Recorded data:
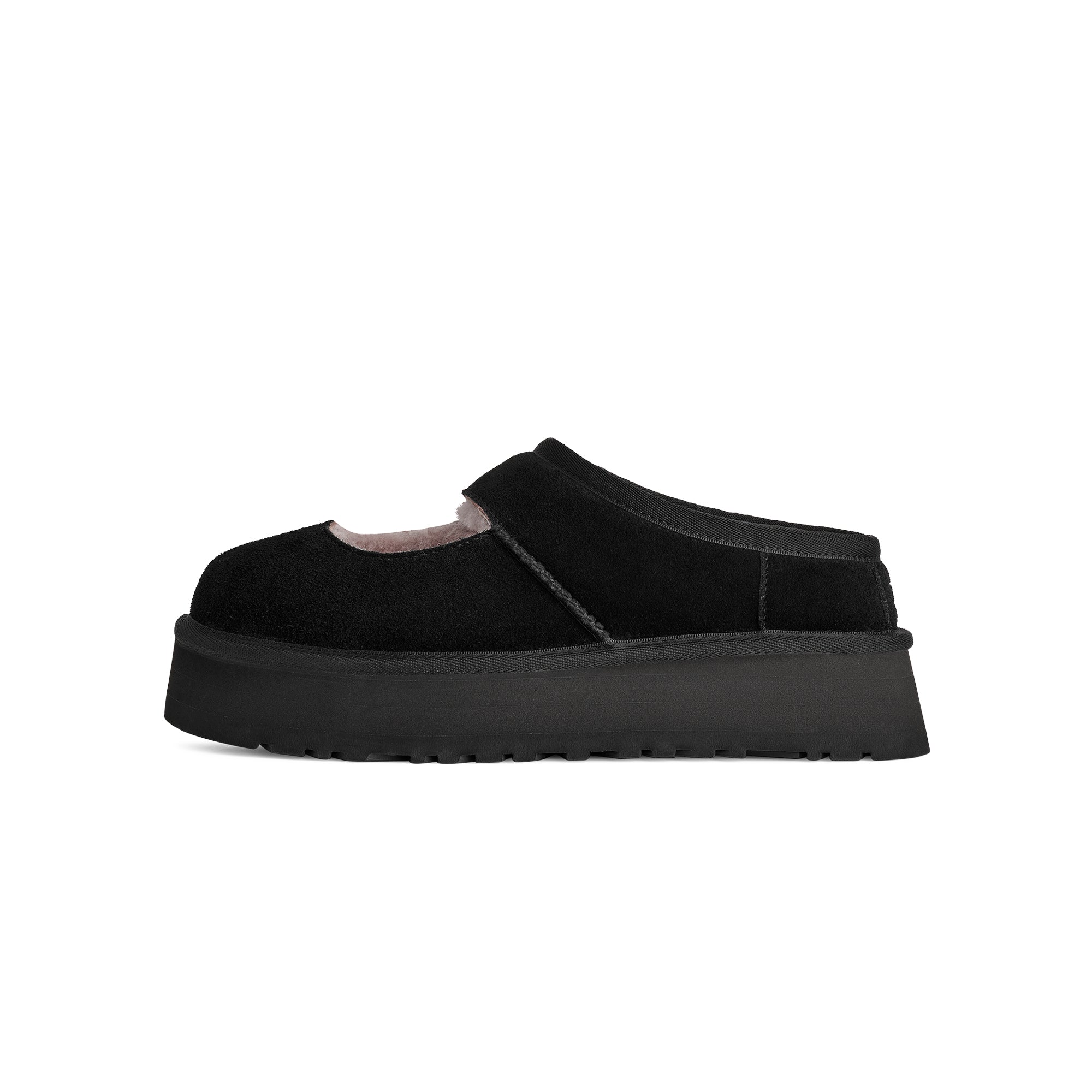 美品UGG W Bea Mary Jane 1167612-BLK 23 Ugg Womens Bea Mary Jane Slippers – Extra Butter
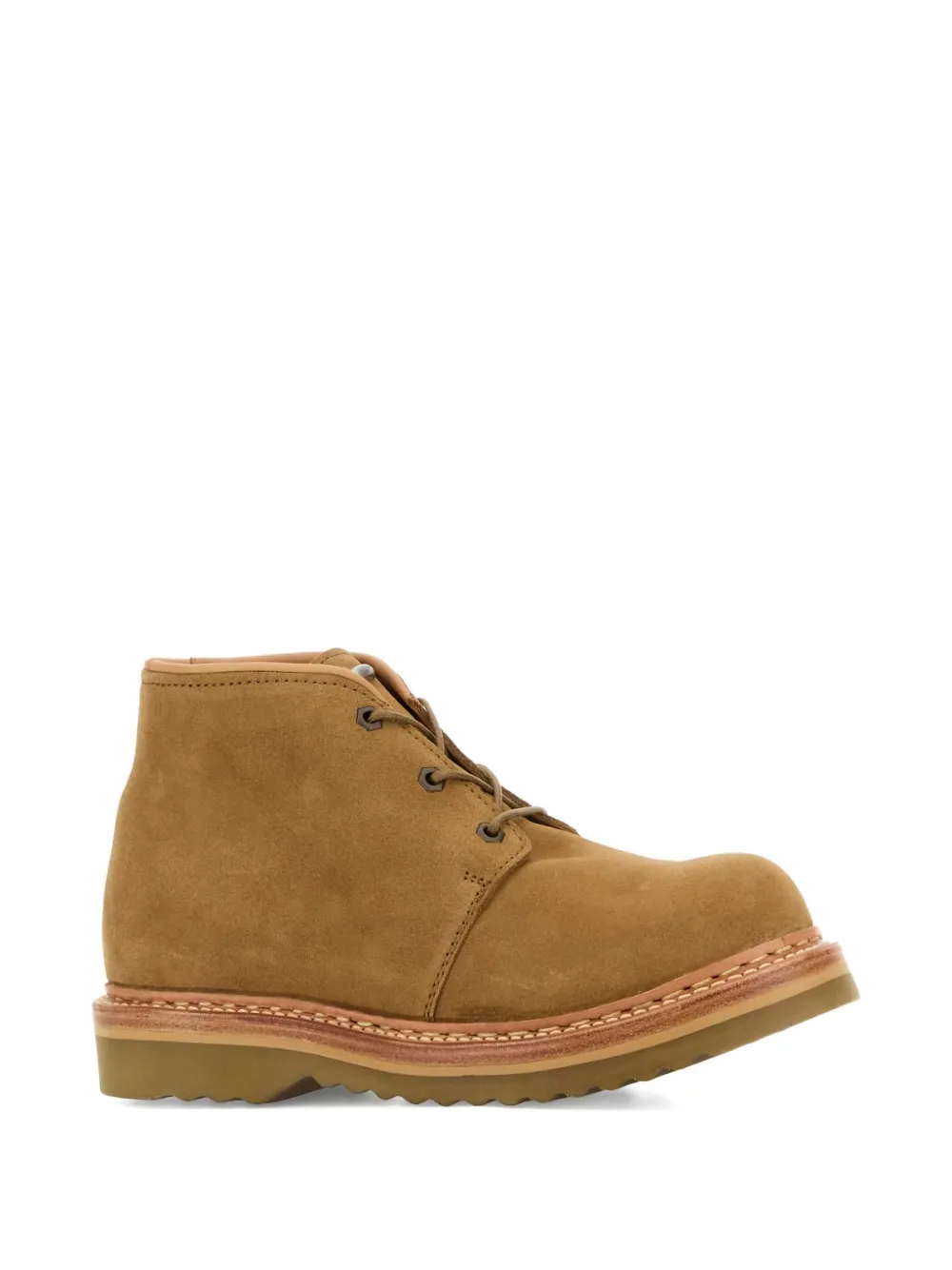 OUR LEGACY Chukka boots Neutrals
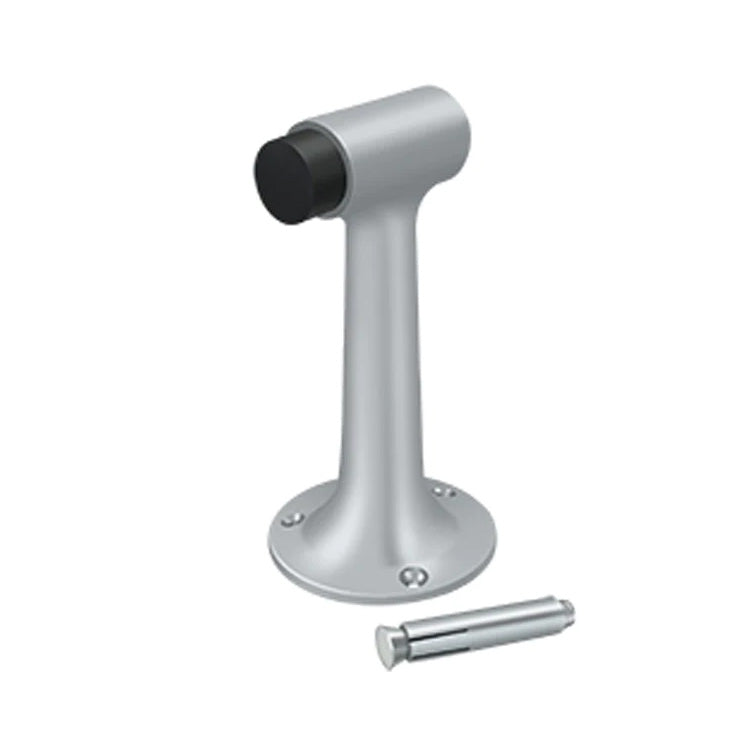 Antique Hardware High Profile Floor Mounted Bumper Door Stop DOOR STOP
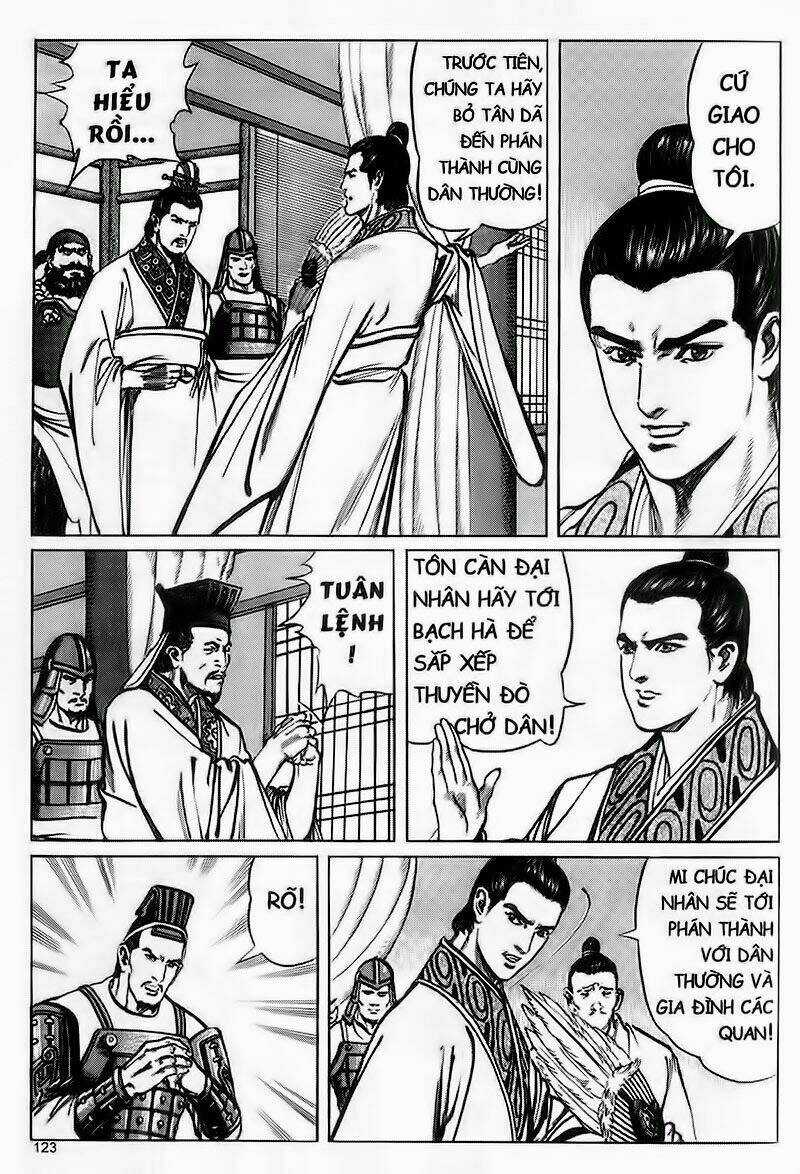 Tam Quốc Diễn Nghĩa Chapter 92 trang 4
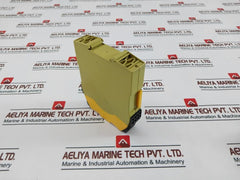 Pilz Pnoz S4 C 24Vdc 3N/O 1N/C Safety Relay 751104
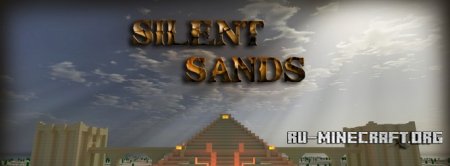  Silent Sand  Minecraft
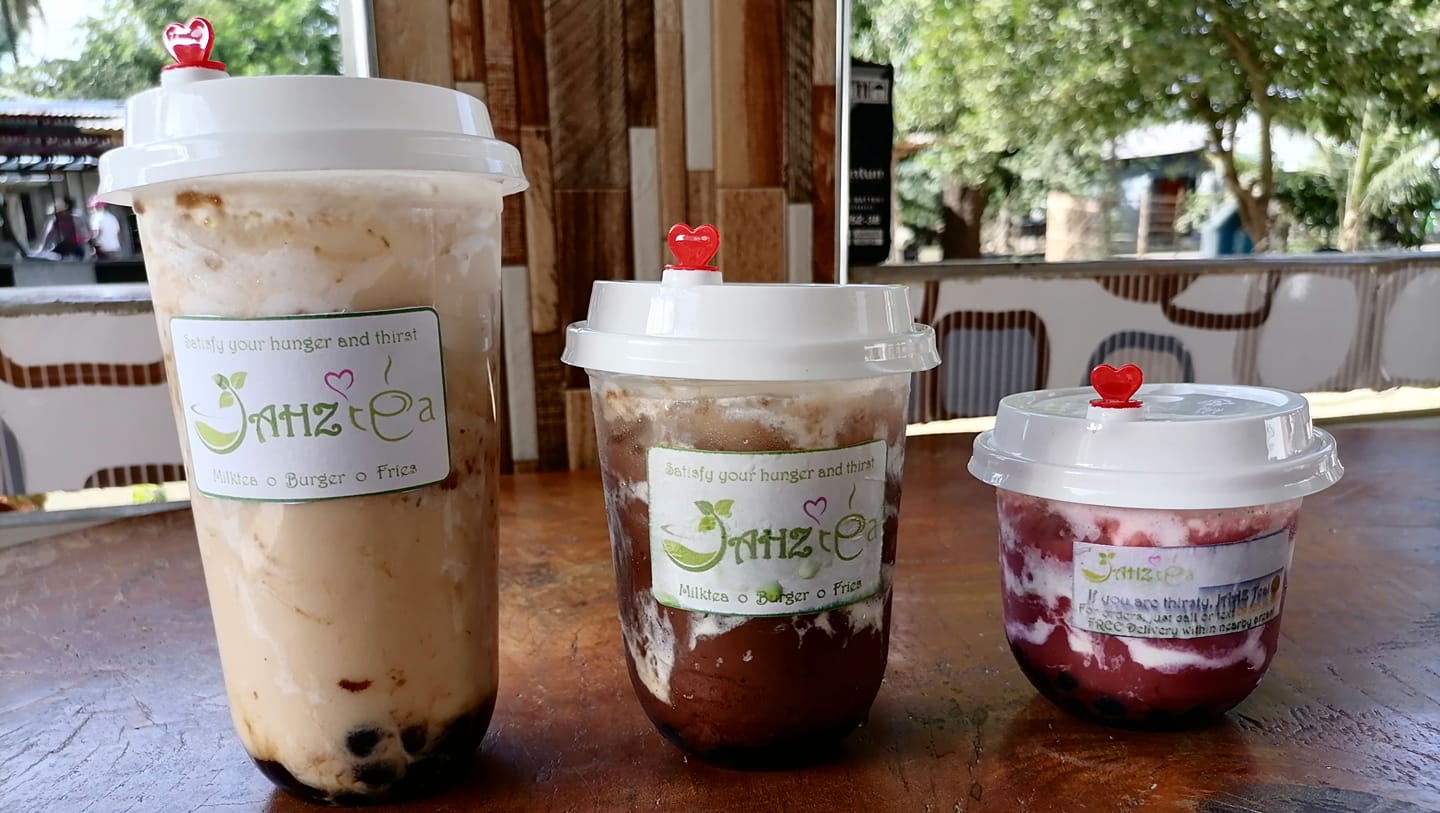 JAHZ Tea | Bayambang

▸ TASK STATEMENT
Output the entries exactly and keep every picture out of them.

▸ EXPECTED ANSWER
 美品UGG W Bea Mary Jane 1167612-BLK 23 Ugg Womens Bea Mary Jane Slippers – Extra Butter
 OUR LEGACY Chukka boots Neutrals
 Antique Hardware High Profile Floor Mounted Bumper Door Stop DOOR STOP
 Tam Quốc Diễn Nghĩa Chapter 92 trang 4
 Pilz Pnoz S4 C 24Vdc 3N/O 1N/C Safety Relay 751104
  Silent Sand  Minecraft
 JAHZ Tea | Bayambang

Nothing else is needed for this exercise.